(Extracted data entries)

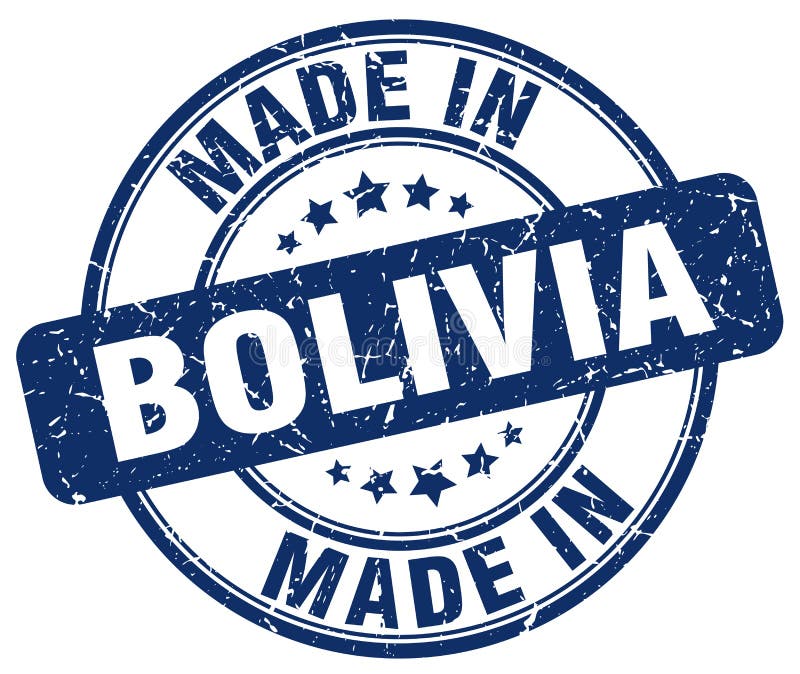 Selo 'feito na Bolívia' ilustração do vetor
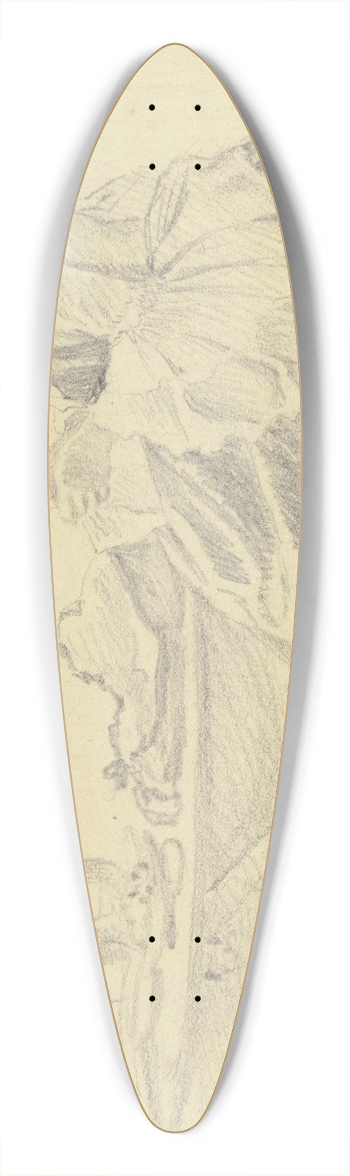 Daniel Nikolaus Chodowiecki - Junge Dame mit Handarbeit, im Profil nach links, neben einem Tisch sitzend 39.3 inch art pintail longboard deck
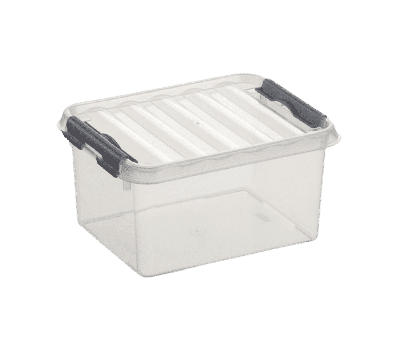 Sunware Q-line box 2 liter transp/metaal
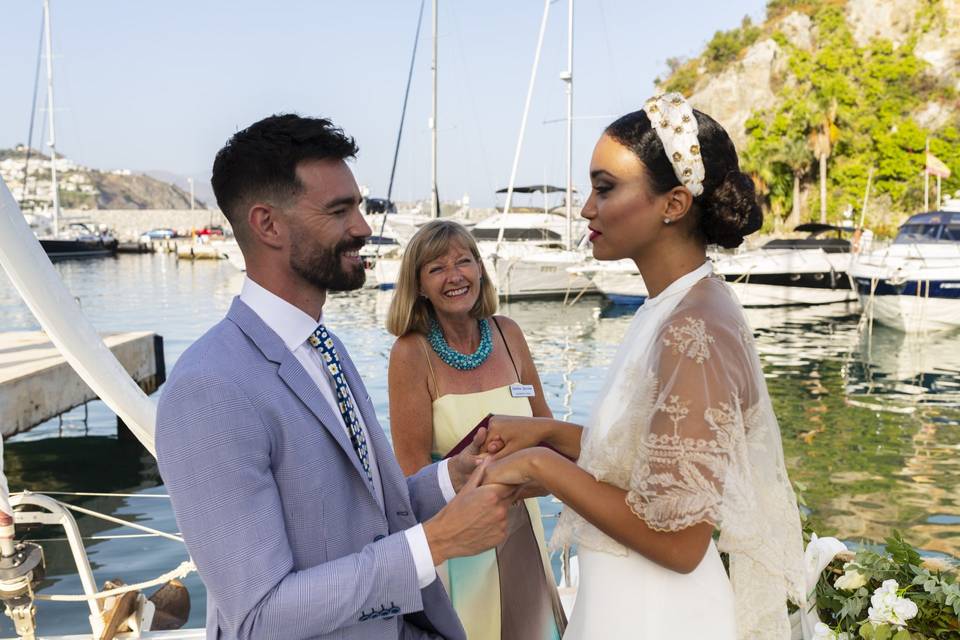 Cost Tropical boat wedding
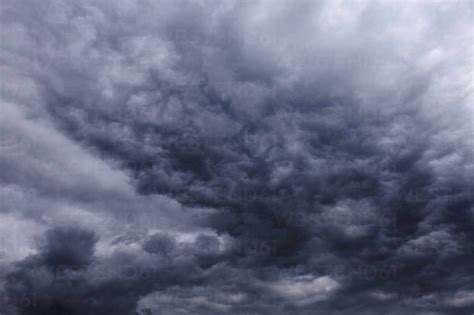 Dark Rain Clouds Stock Photo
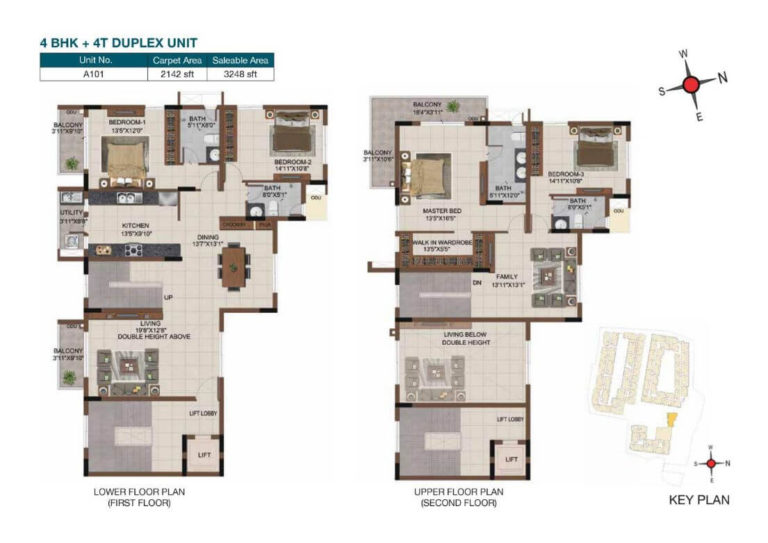 4 BHK Duplex 3248 - Casagrand Castle Chennai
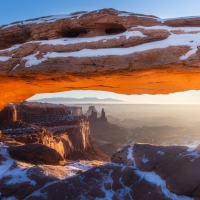 Early morning sunrise in Canyonlands National Park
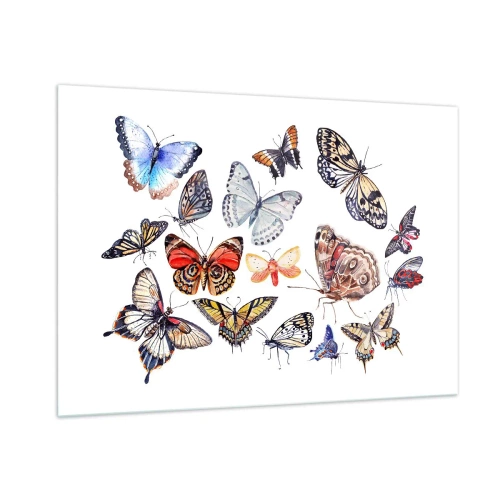 Glass picture - Colourful Swarm - 100x70 cm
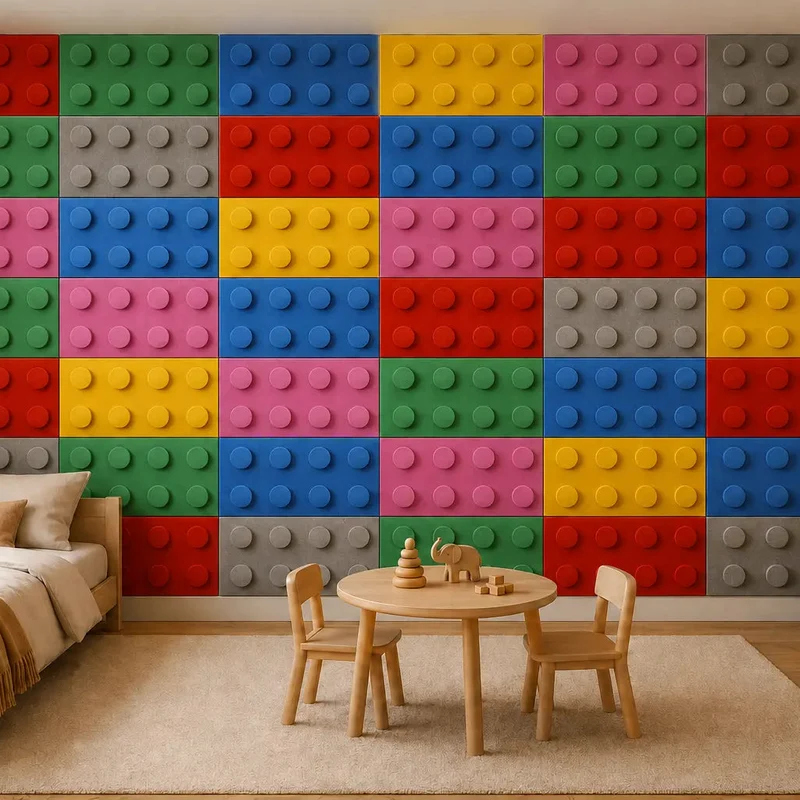 Soft Foam Wall Panels - BUILDING BLOCKS For Kids 25x50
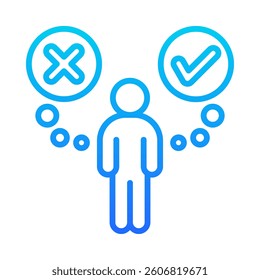 Decision Making Icon Element for Design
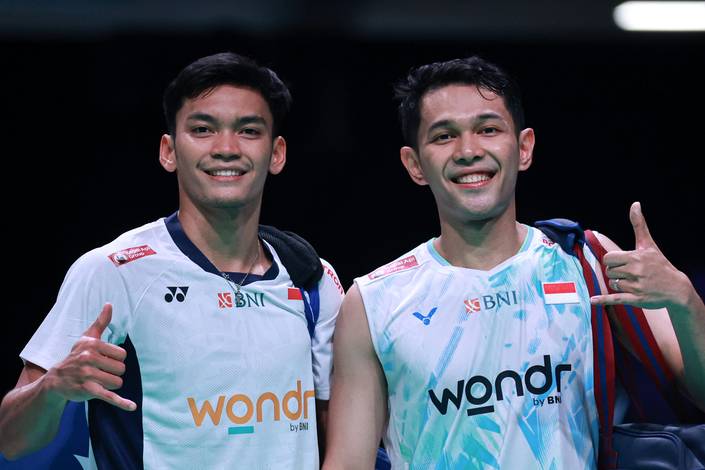 Muhammad Shohibul Fikri & Fajar Alfian (Humas PP PBSI)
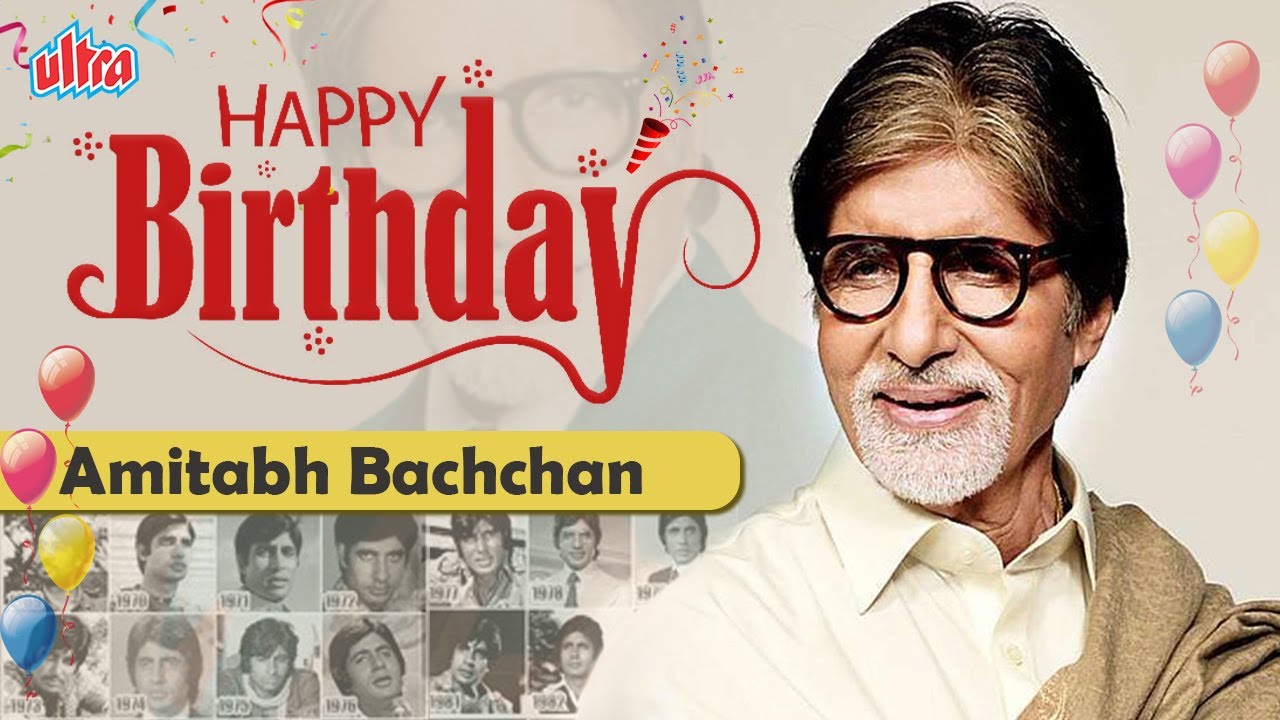 Happy Birthday Big B | Best Hits Of Amitabh Bachchan | Superhit ...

• [TASK STATEMENT]: Only the lines from the start of the records to the line with "Muhammad Shohibul Fikri" belong in the copy. Print them exactly, minus pictures.

• [EXERCISE RESULT]:
 Selo 'feito na Bolívia' ilustração do vetor
 Daniel Nikolaus Chodowiecki - Junge Dame mit Handarbeit, im Profil nach links, neben einem Tisch sitzend 39.3 inch art pintail longboard deck
 Sunware Q-line box 2 liter transp/metaal
 Cost Tropical boat wedding
 Dark Rain Clouds Stock Photo
 4 BHK Duplex 3248 - Casagrand Castle Chennai
 Early morning sunrise in Canyonlands National Park
 Glass picture - Colourful Swarm - 100x70 cm
 Soft Foam Wall Panels - BUILDING BLOCKS For Kids 25x50
 Decision Making Icon Element for Design
 Muhammad Shohibul Fikri & Fajar Alfian (Humas PP PBSI)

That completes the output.